To say those years were hard would be another epic understatement. But Lainey was with me every moment. Right by my side. It wasn’t just that I was her parent, it was that she was very much a part of me and a part of my entire identity. I wasn’t able to seperate that in a healthy way for years. I didn’t know how.

The feelings I have for my firstborn are less lighthearted and whimsical, and more flavored with intensity and a large part of myself. It’s not better or more than what I feel for my other children, it’s just vastly different.

Mom ArtWhen I have stories about Lainey, I usually hold back from sharing them with people other than family as the stories I have for her sound like bragging or extreme hubris. It’s not that she isn’t funny. The child is hysterical and she loves a good joke or a prank more than anyone. The problem is that I was never able to lighten up and relax into parenting until the second child came along.

I’m glad someone called my attention to the difference. Maybe I can attempt to lighten up a bit when it comes to my firstborn and inject a little of the whimsical attitude towards parenting I display for the other two children.

Lainey: just a few off the top of my head.

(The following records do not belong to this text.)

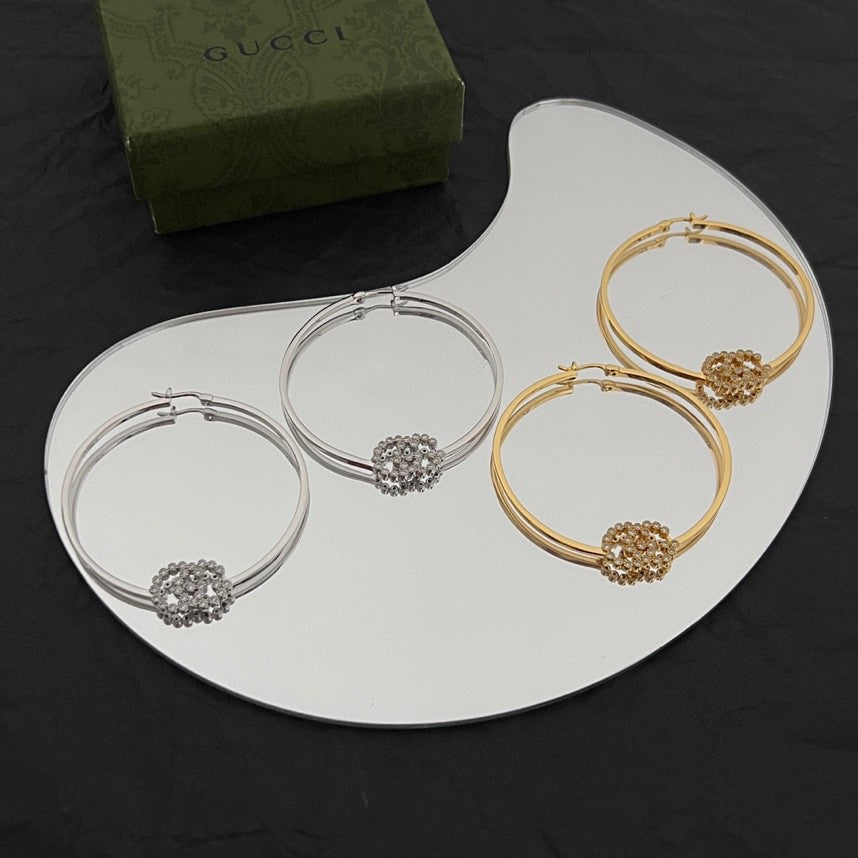 18K Gucci Running Diamond Bracelet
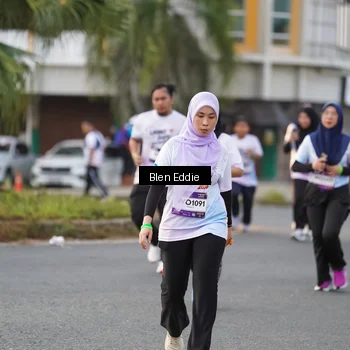 Runner Photo 7832497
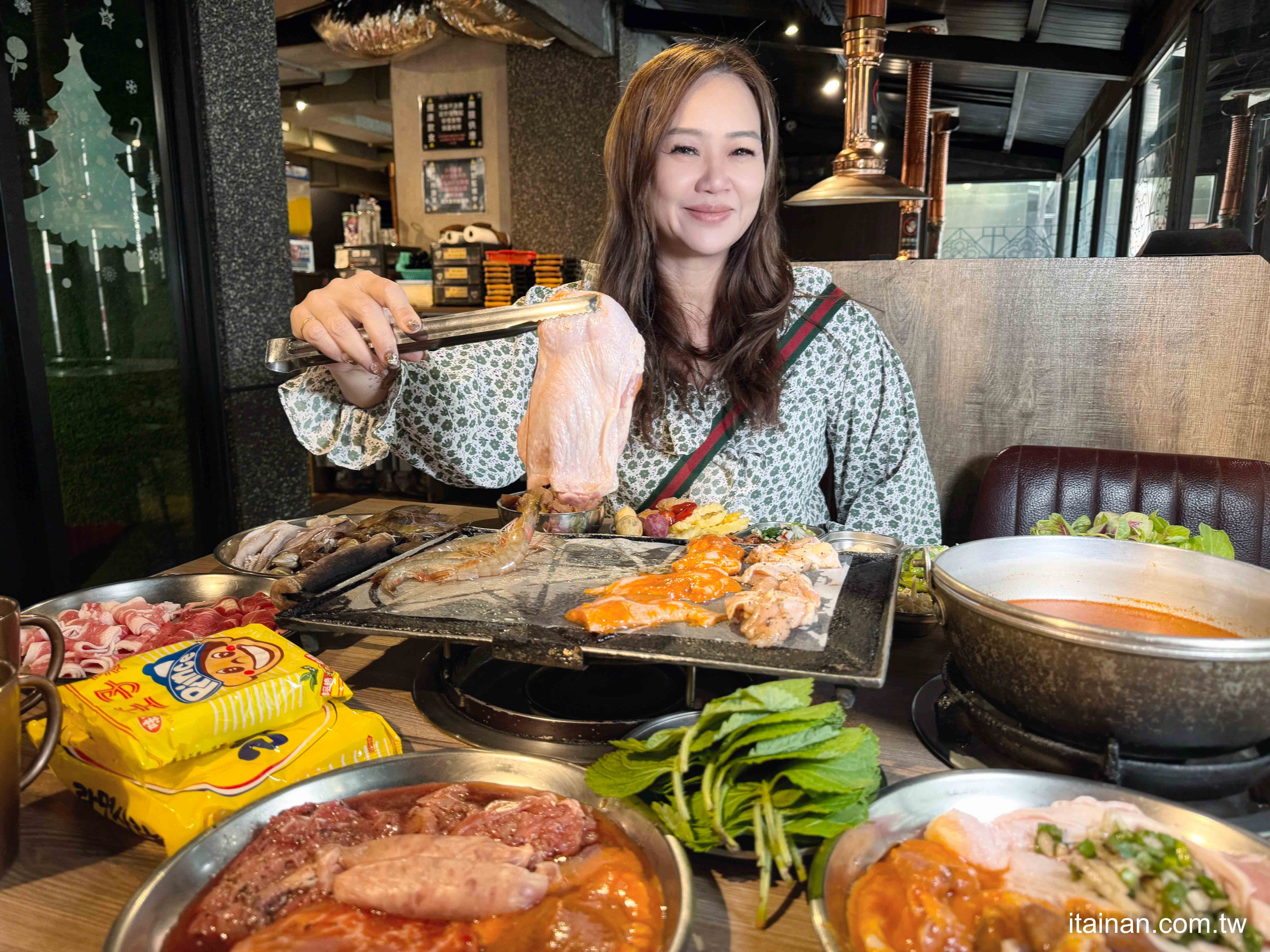 【高雄燒肉吃到飽】太超值!韓式燒肉火烤兩吃不分時段不分平假日每人299元!近五十種食材、海鮮肉品、炸物熟食、生菜醬料、韓式小菜、飲料冰品、沙瓦等通通任你吃，加價39元、49元銅板價升級海陸單一品項吃到飽「八道晟韓式火烤吃到飽文橫店」高雄吃到飽｜高雄前鎮美食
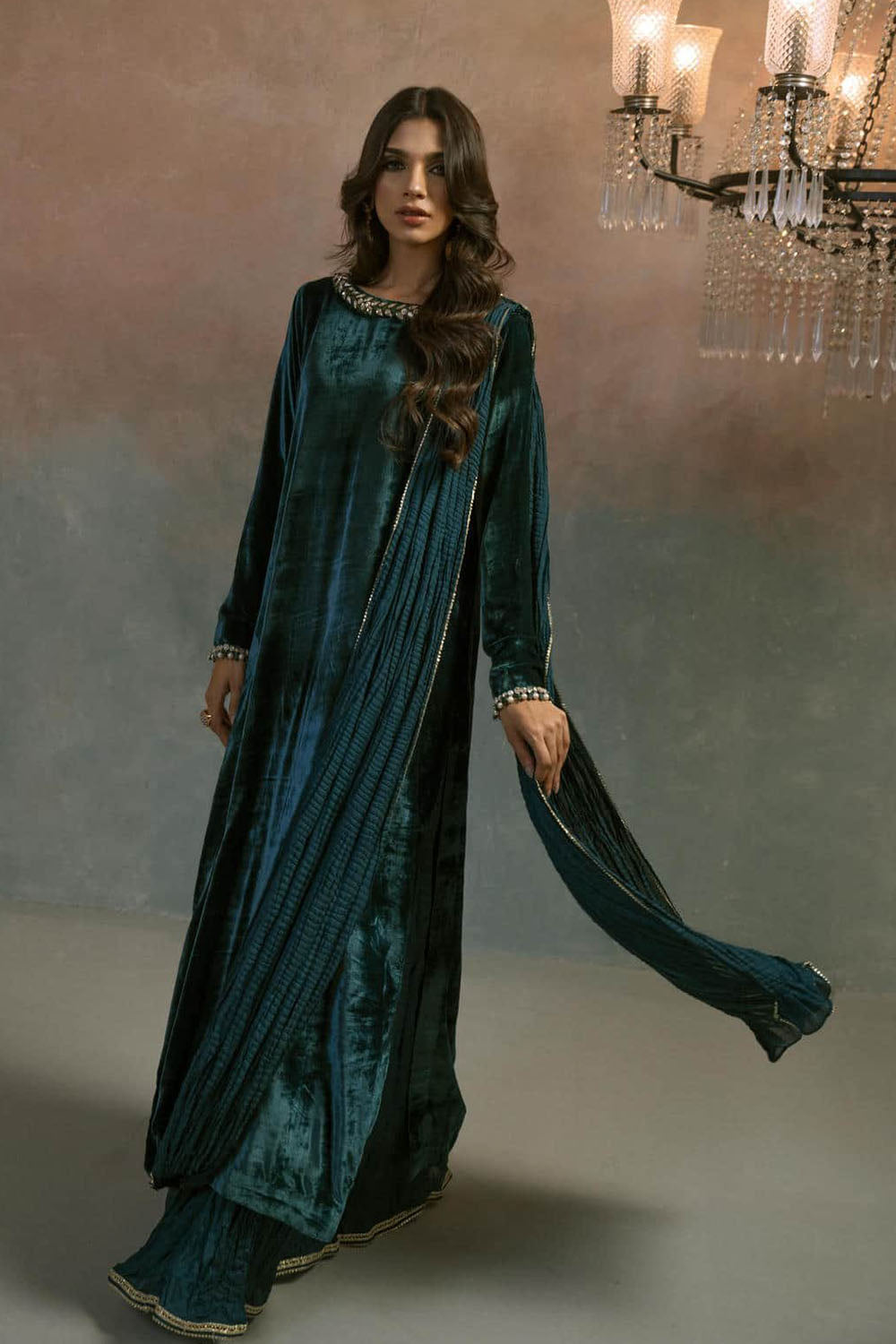 Evara Flow Velvet Suit Set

One night you drug your sister Lily out of the bathtub when she was 2 years old and shouted, “Run free, run free, run free!” Then Lily runs out of the room and around the house naked and screaming. I asked you why you did that and you replied, “I wanted the towel you were going to use on Lily.”
It took all my bargaining skills to keep you from wearing underwear outside your pants on Superhero day at school. You wanted to be Captain Underpants and would take no other suggestions. I almost had to keep you home from school because you wouldn’t change your mind.
You were 4 years old and I was scolding you for leaving your breakable toys within Lily’s reach. You promptly asked, “What’s dad’s punishment for losing his keys and wallet every morning before he goes to work?”
From the first time you were old enough to make decisions, you’ve made them quickly and you don’t change your mind. Ever. We would go into a toy store and you would pick a toy quickly. I would insist you look at every single option before making your final choice. Not once, not ONCE in your life, have you ever changed your mind once you’ve made a choice. Two days ago we went to choose two new pairs of glasses and I almost had to throw down with the assistant as she didn’t believe you could possibly have made up your mind over frames in less than a minute of our arrival.
All you wanted for your 4th birthday was a big tub of giant earthworms. You didn’t want to fish with them, you just wanted to dig your fingers in the dirt and feel the worms wiggle around.
Your father got out his tools to hang up a heavy piece of art on the walls when you were still an only child so you had to be about 3 years old. You watched him for a moment with all his tools and then asked,”Dad, are you going to screw that up?”
You smashed your finger in the closet door when you were small. Granny asked you if you were in pain. Your response was the following, “Pain and suffering Granny. Pain and suffering.”
You are my only child that knows how to behave in a bookstore because I had a Kindle by the time the other two were born. The phrase, ‘Act like we are in the bookstore’ has zero impact on your sisters while you immediately know that means to be quiet, stay right next to mommy, do NOT ask if we can leave yet.
parentingMy Lainey girl, you have been the test subject for every parenting mistake possible and the guinea pig for every unrealistic expectation a parent could have. You’ve risen up and surpassed all those expectations. You are a trailblazer that opened my soul. I’m a better person, wife, mother, friend, child of God, and daughter because your little spirit pointed out the path and provided the desire to grow.

I’ll try to lighten up and be a little more whimsical with you. Because I love you so much more than just to the moon and back.